**Prompt**
Nothing but the lines from the one that holds "Falcao García baja" through the end of the material should be repeated, each exactly as it stands, and pictures stay out.

**Information shown**
-- Opening Marker --
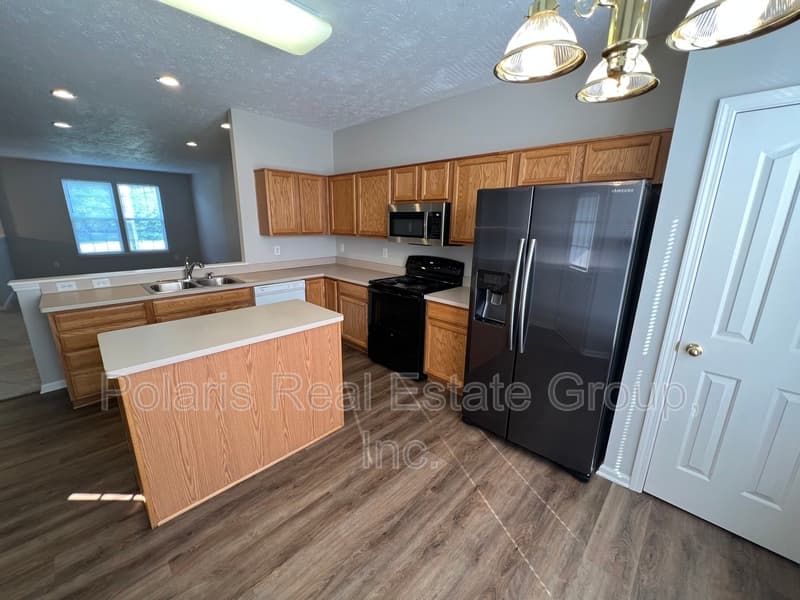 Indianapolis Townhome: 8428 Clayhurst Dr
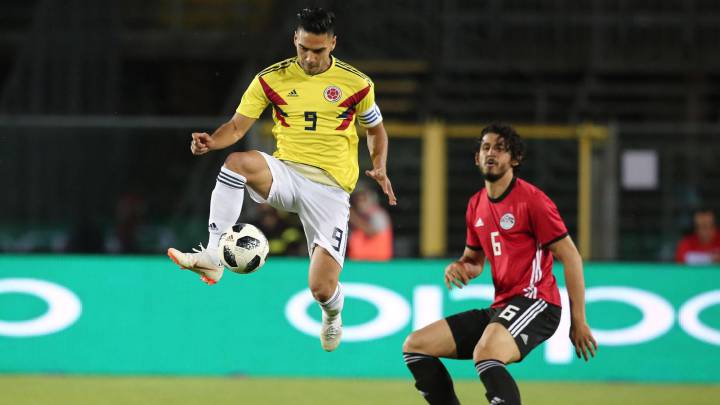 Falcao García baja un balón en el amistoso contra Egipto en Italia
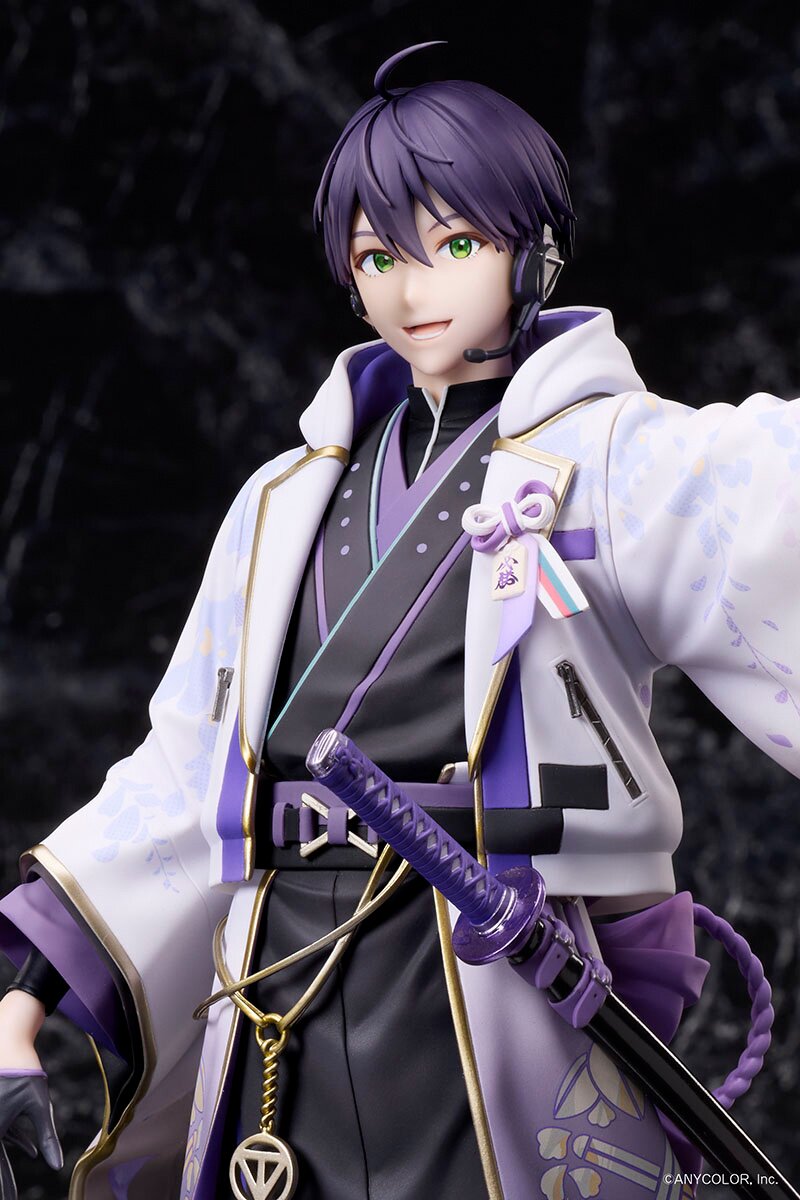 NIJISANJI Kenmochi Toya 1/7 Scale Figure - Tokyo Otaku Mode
-- Closing Marker --
**Task answer**
 Falcao García baja un balón en el amistoso contra Egipto en Italia
 NIJISANJI Kenmochi Toya 1/7 Scale Figure - Tokyo Otaku Mode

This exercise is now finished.